Inaugurated in 1818 in the former monastery of San Niccolò in the vicinity of Porta Romana, suitably readapted to the purpose of accommodating mentally ill patients up to then housed in inadequate facilities, it numbered, at the time of its opening, 34 patients. The financial management of the institute was the responsibility of the Company of Disciplined Brothers Under the Hospital Vaults, later to become the Society of Executors of Devout Dispositions, which exercised its authority through a deputation of four "Brothers" having full power of management. Physicians too had to submit to this hierarchy, limiting their duties to "prescribing medicinals, baths, surgical operations and applications, and the variations that may be necessary in the hospital’s treatment as regards food and beverages", with the reservation that any change had to be authorised by the Society’s Deputies. Even the appointment of the director of the insane asylum was entrusted to the Company of Disciplined Brothers and not to the organs responsible for medical questions.
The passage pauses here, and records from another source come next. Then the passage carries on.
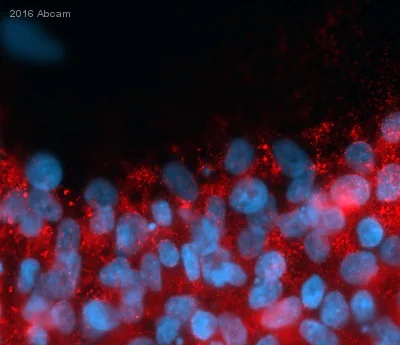Immunocytochemistry - Anti-TRA-1-60 (R) antibody [TRA-1-60] (AB16288)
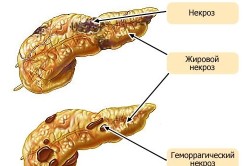 Виды панкреонекроза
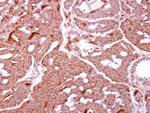 IKK beta Antibody in Immunohistochemistry (Paraffin) (IHC (P))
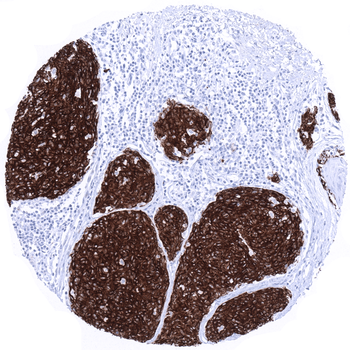 Melan A Specific antibody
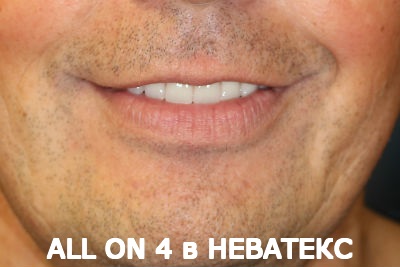 all on 4 вид спереди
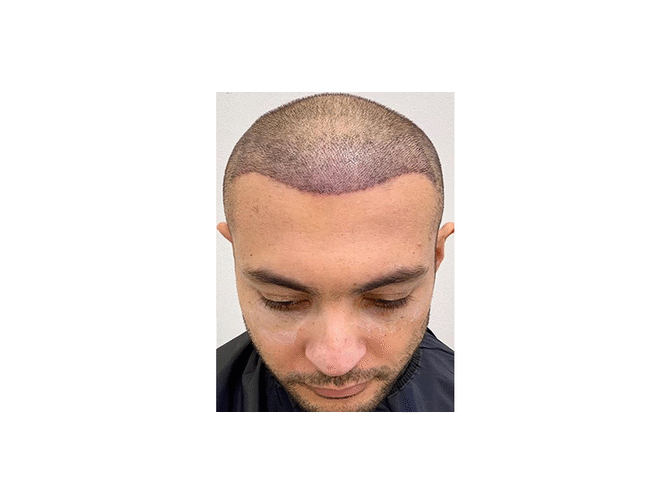 Hair Transplant Treatment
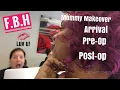 MOMMY MAKEOVER ARRIVAL PRE-OP POST-OP DR DOWBAK NEW CLINIC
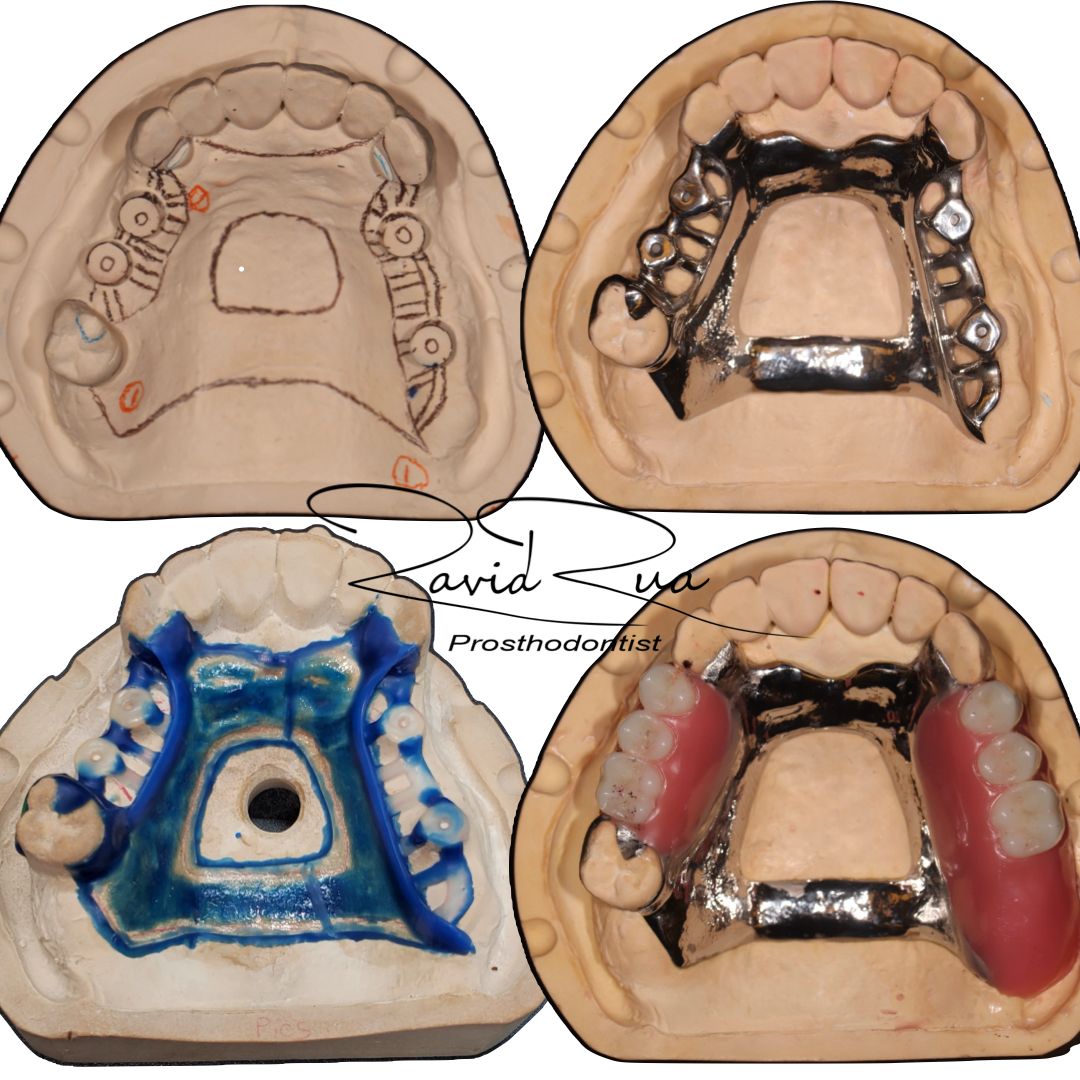 TC Cape Coral Case 8.1 Full mouth rehab with crowns, implants and a top partial
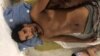 La salud de Luis Manuel Otero Alcántara se deteriora tras seis días de huelga de hambre y sed. (Facebook/MSI)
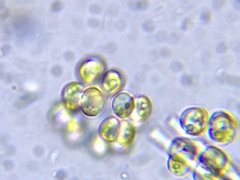 Ophiocytium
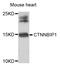 Catenin Beta Interacting Protein 1 antibody, abx006428, Abbexa, Western Blot image 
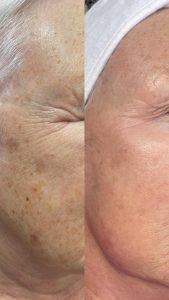 Voor en na foto van de behandeling van huidverbetering bij pigmentvlekken in het gezicht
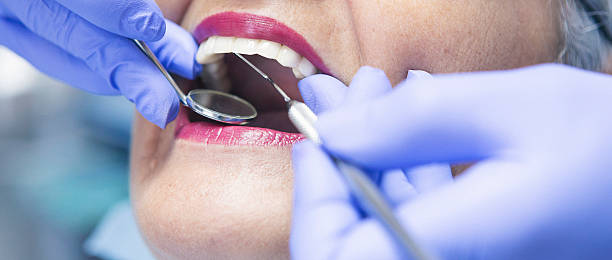 Best Urgent Care for Lost Fillings or Crowns in Elmsford, NY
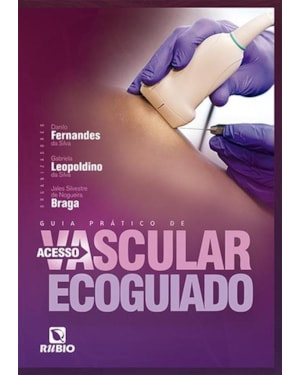 Guia prático de acesso vascular ecoguiado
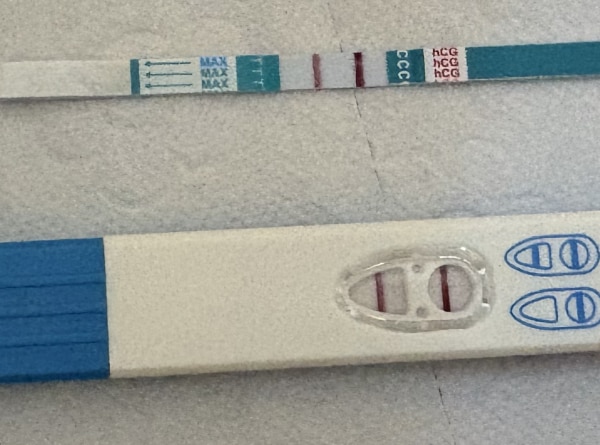 Bild zu Direkt schwanger nach Fehlgeburt? - Kinderwunsch nach Fehlgeburt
The first director was Giuseppe Lodoli, professor of Practical and Clinical Medicine at the University of Siena, who attempted to introduce into psychiatry new methods of treatment, in contrast to the repressive measures adopted up to that time. Decisive, in this sense, was the work of Carlo Livi (director from 1858 to 1873), who treated mental illness, contrary to the dominant opinion of the times, as a disease like any other to be treated by specialised physicians. A convinced believer in work as a means for curing the mentally ill, Livi organised San Niccolò like a village, made up of pavilions dedicated to work of various kinds: sewing and mending, carpentry, straw-weaving, working in the laundry, and the activities of shoemakers, smiths and agricultural workers. These occupations, in addition to their therapeutical scope, yielded financial returns that made the institution independent of the Company. In the first half of the 20th century the Psychiatric Village of San Niccolò was established, able to accommodate over 2,000 patients a year engaged in various kinds of work in its weaving and knitting workshops; from this there developed a real women’s industrial colony.

The hospital was also equipped with a scientific library and a pharmacy. The library, which in recent years has gone to enrich the heritage of the Siena Faculty of Medicine's Central Library, includes a vast number of works of medical interest, dealing mainly with psychiatric and neurological problems. The pharmacy, instead, built in 1885 in Pompeiian style to the design of the architect Francesco Azzurri, forms a little section of its own. Its shelves and furnishings have remained intact, while the laboratory in the back room has been dismantled.

The collection of medical objects from the former psychiatric hospital includes surgical instruments, medical apparatus and laboratory equipment from the 19th century.